A Bottom-up Semantics for LO
Marco Bozzano, Giorgio Delzanno and Maurizio Martelli
To appear at the 2nd International Conference on Principles and Practice of
Declarative Programming (PPDP 2000), Montreal, Canada, September 20-22, 2000
The operational semantics of linear logic programming languages is
given in terms of goal-driven sequent calculi for fragments of the logic.
The proof-theoretic presentation is the natural counterpart
of the top-down semantics of traditional logic programs.

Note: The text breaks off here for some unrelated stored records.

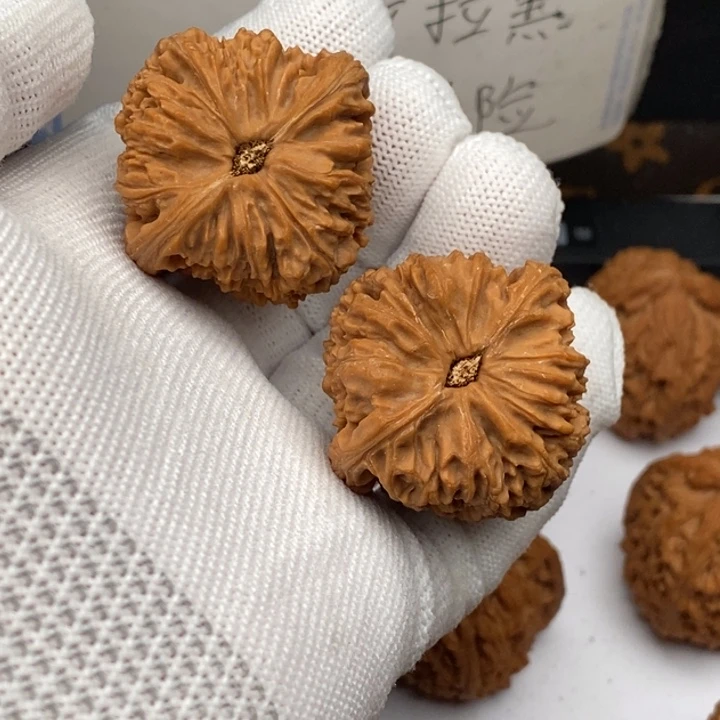 文玩核桃把件南疆石39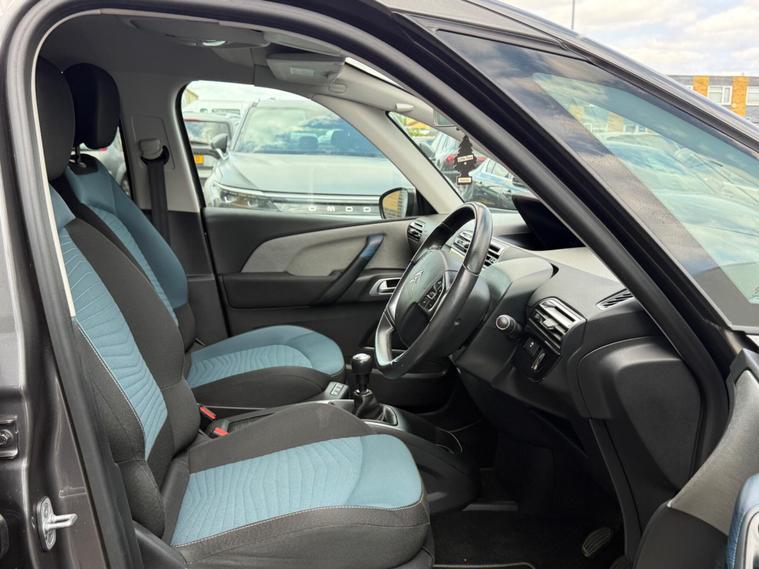 Citroen C4 Picasso — photo 12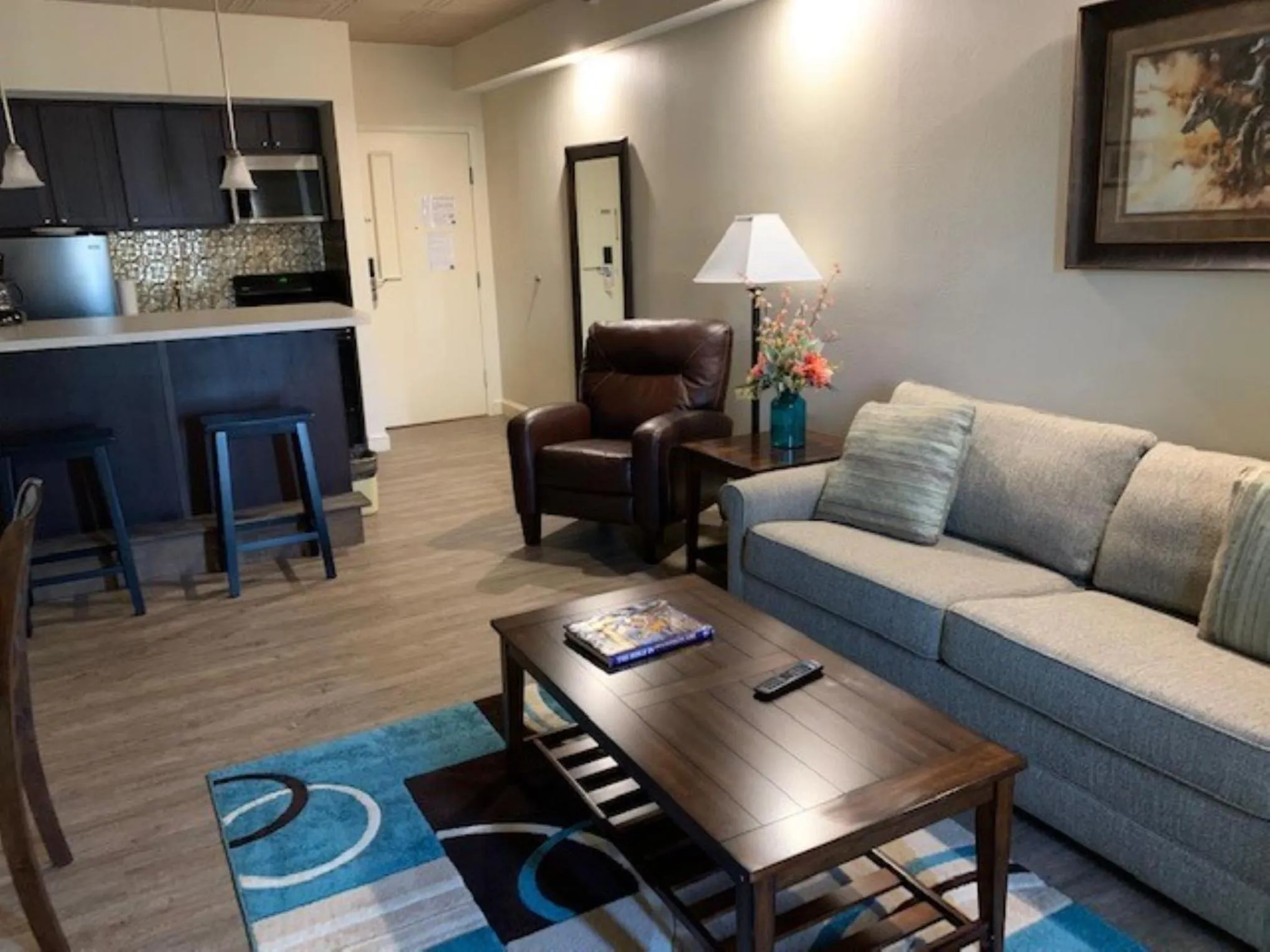 Living room in McCoy's Inn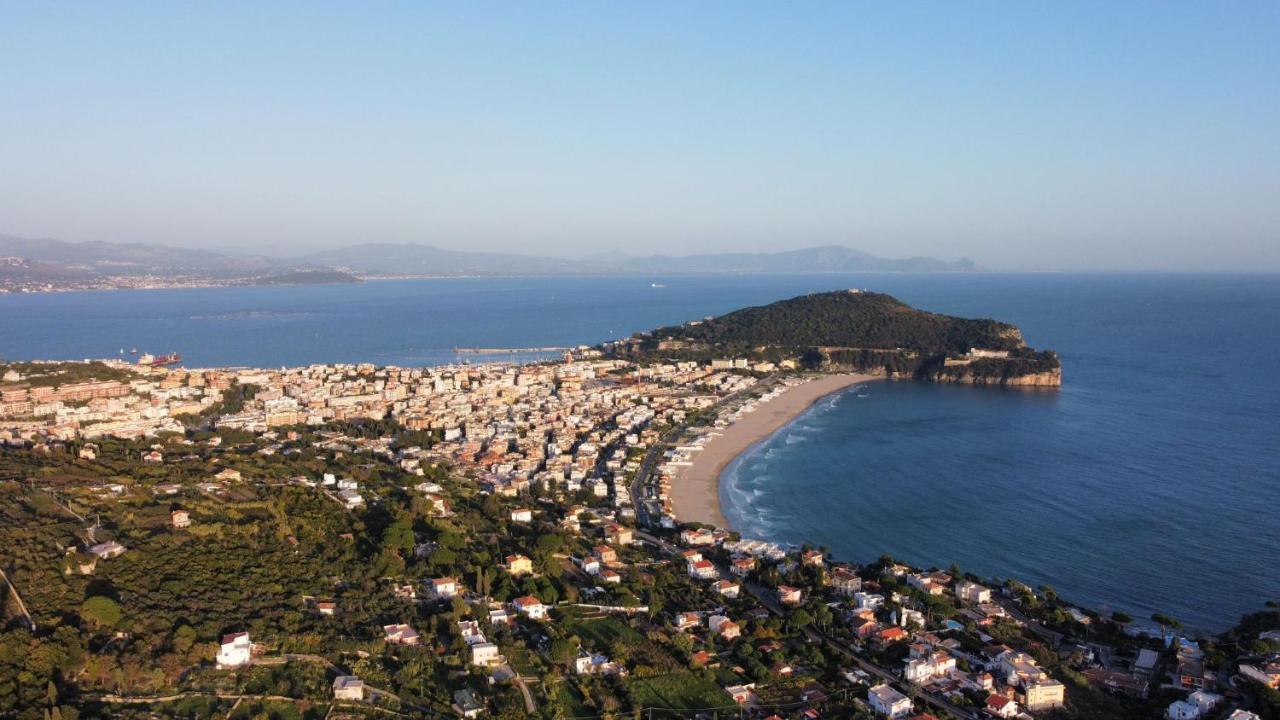 Brezza Di Mare Gaeta B&B Kültér fotó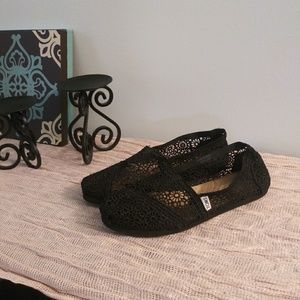 TOMS Lace Floral Flats Size 8.5W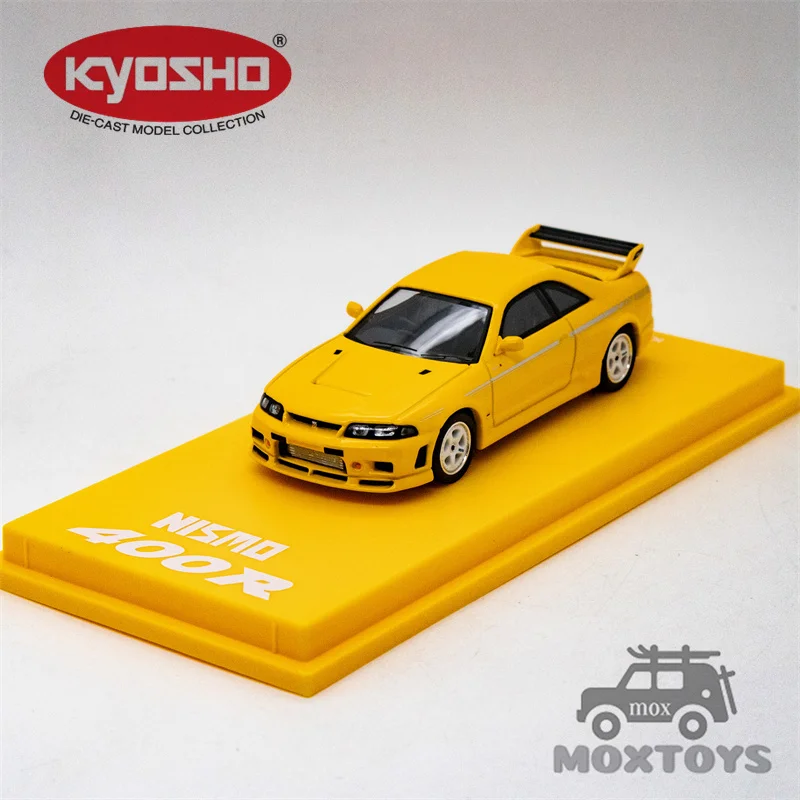 Kyosho 1:64 Nismo 400R MOTN LED yellow Car in the Book Diecast Model Car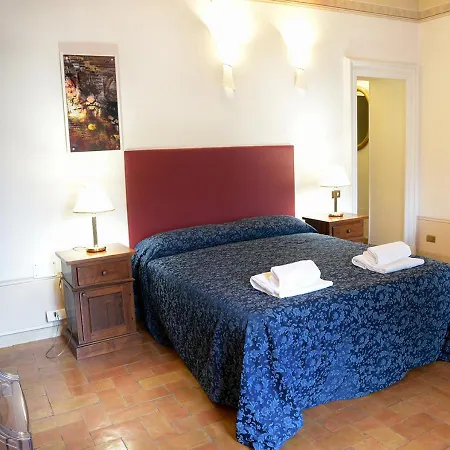 Farnese 48 3* Rome
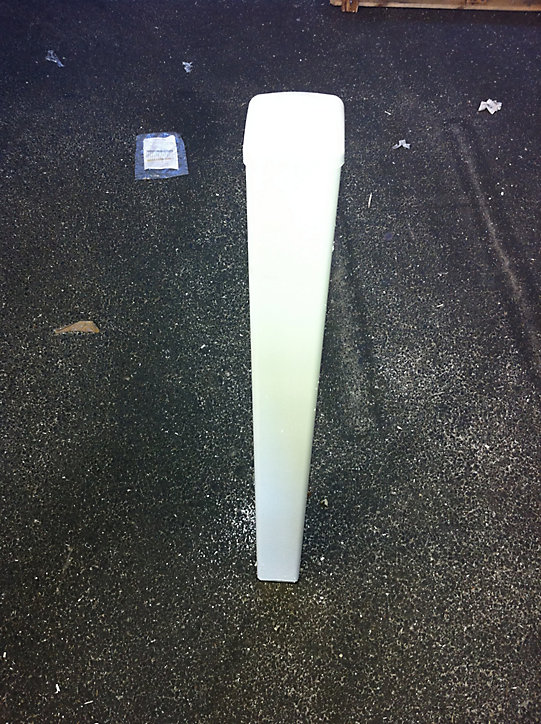 Poteau de clôture PVC section 8 x 8 cm H.85 cm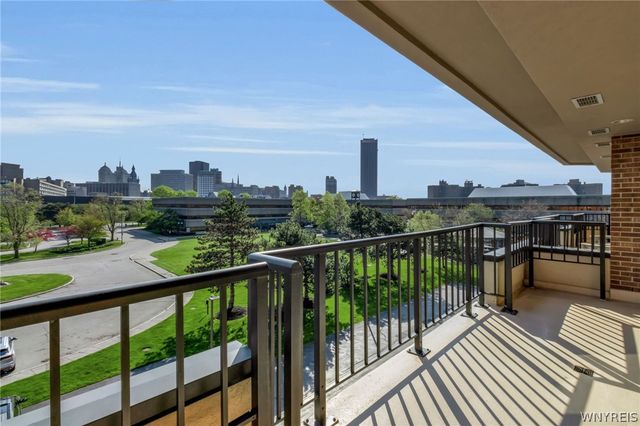 40 Waterfront Circle 306, Buffalo, NY 14202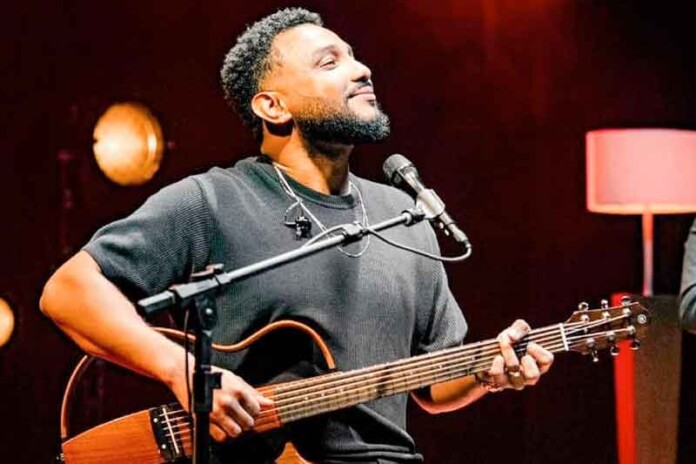 Eli-Soares-é-confirmado-no-palco-gospel-do-#SouManaus-2025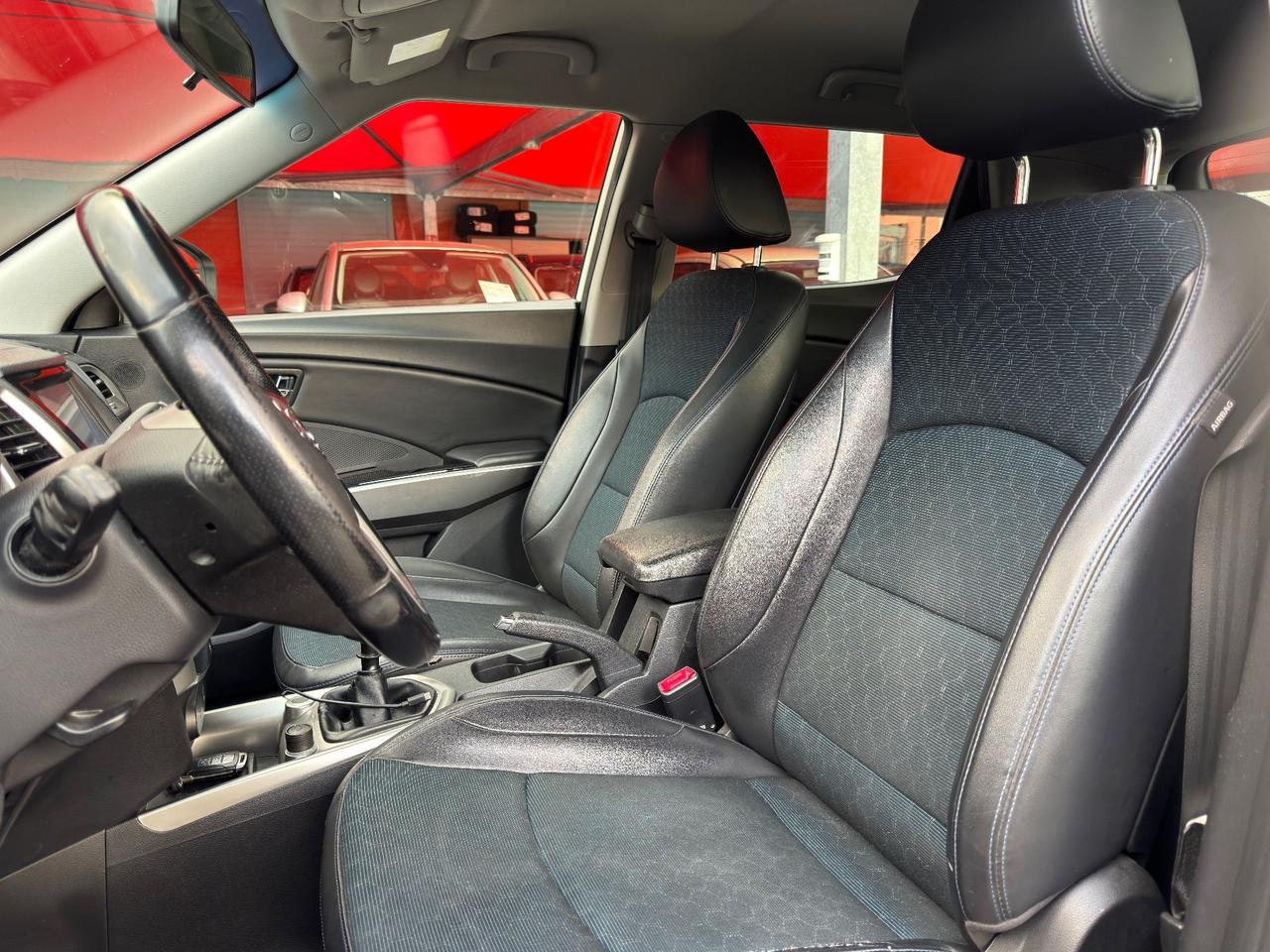 Ssangyong Tivoli 1.6 2WD ADATTA A NEOPATENTATI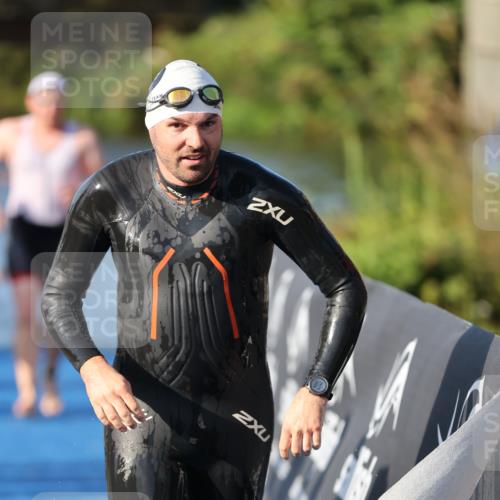 25.08.2024 - Elbe Triathlon Hamburg H.Heesch http://msf.ph/oto/6856107 25.08.2024 09:04:18 Schwimmen 255, 302, 314 meine-sportfotos.de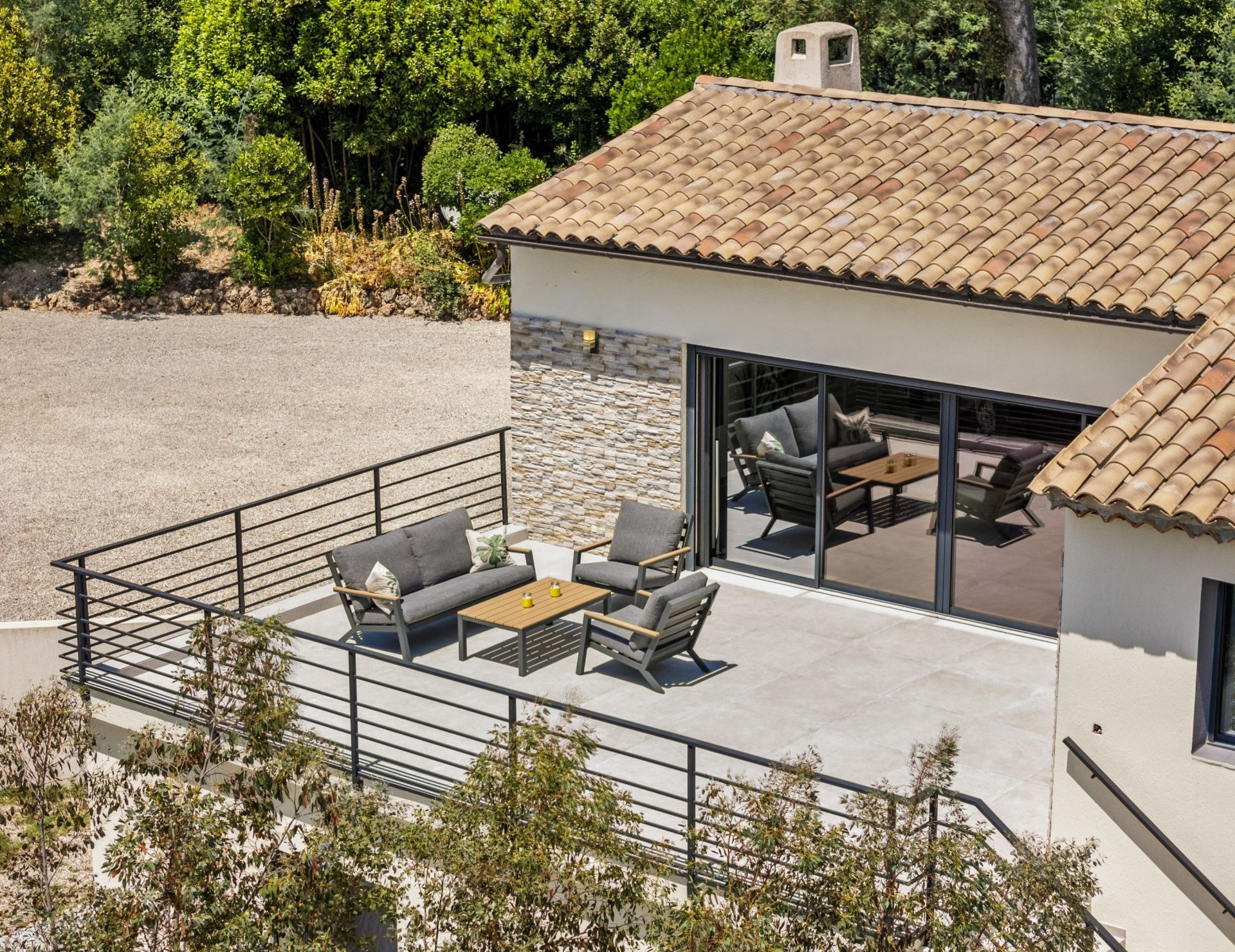 villa 7 Rooms for sale on GRASSE (06130)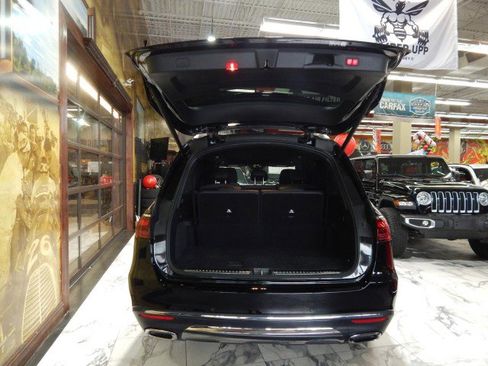 Used 2024 Mercedes-Benz GLS 450 4MATIC image 8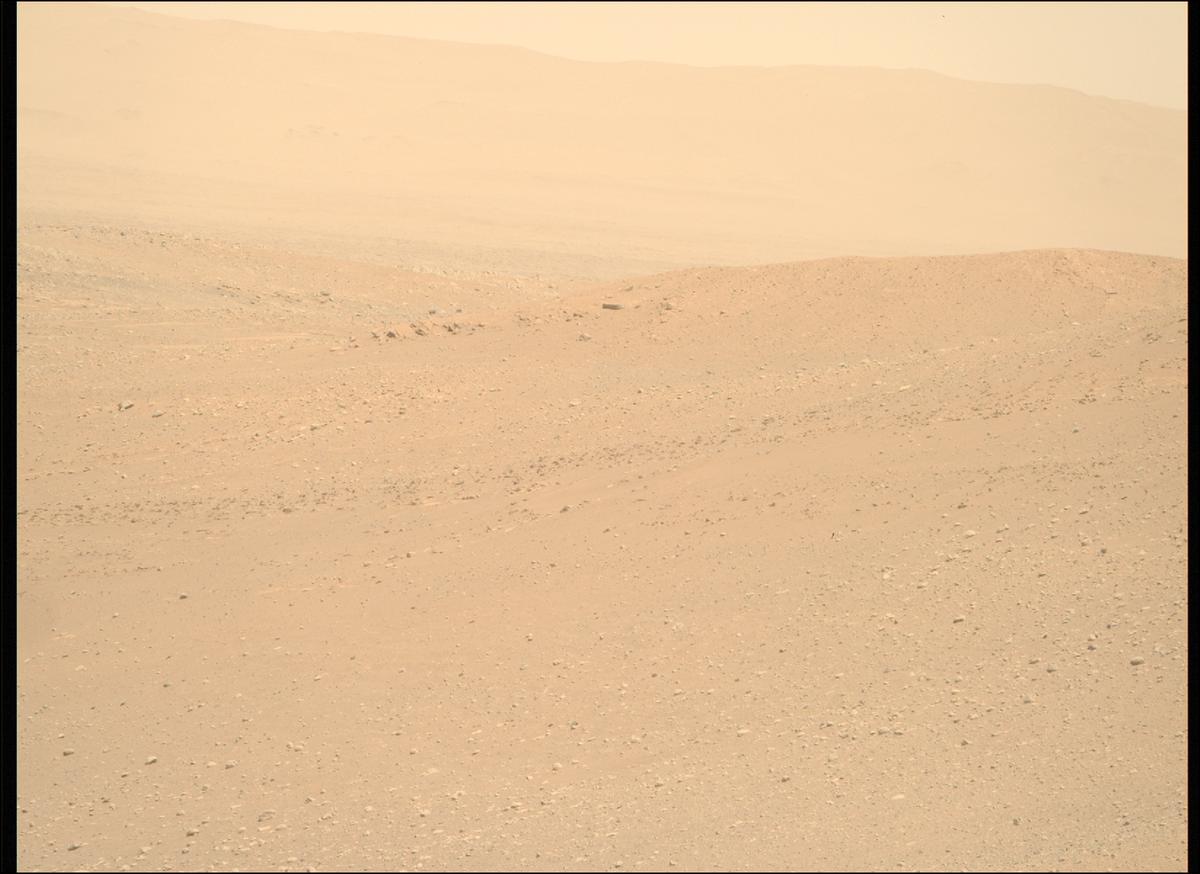 This image was taken by MCZ_RIGHT onboard NASA's Mars rover Perseverance on Sol 782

In this paper we investigate the theoretical foundation of an alternative
operational semantics based on a bottom-up evaluation of linear
logic programs via a fixpoint operator.
The bottom-up fixpoint semantics is important in applications
like active databases, and, more in general, for program analysis
As a first case-study, we consider Andreoli and Pareschi's LO
enriched with the connective 1 (one).
For this language, we give a fixpoint semantics based on
an operator defined in the style of Tp
We give an algorithm to compute a single application of the
fixpoint operator where constraints are used to represent
in a finite way possibly infinite sets of provable goals.
Furthermore, we show that the fixpoint semantics for propositional
LO without the connective 1 can be computed after finitely many steps.
To our knowledge, this is the first attempt to define an effective
fixpoint semantics for LO. We hope that our work will open
interesting perspectives for the analysis and verification of
linear logic programming languages.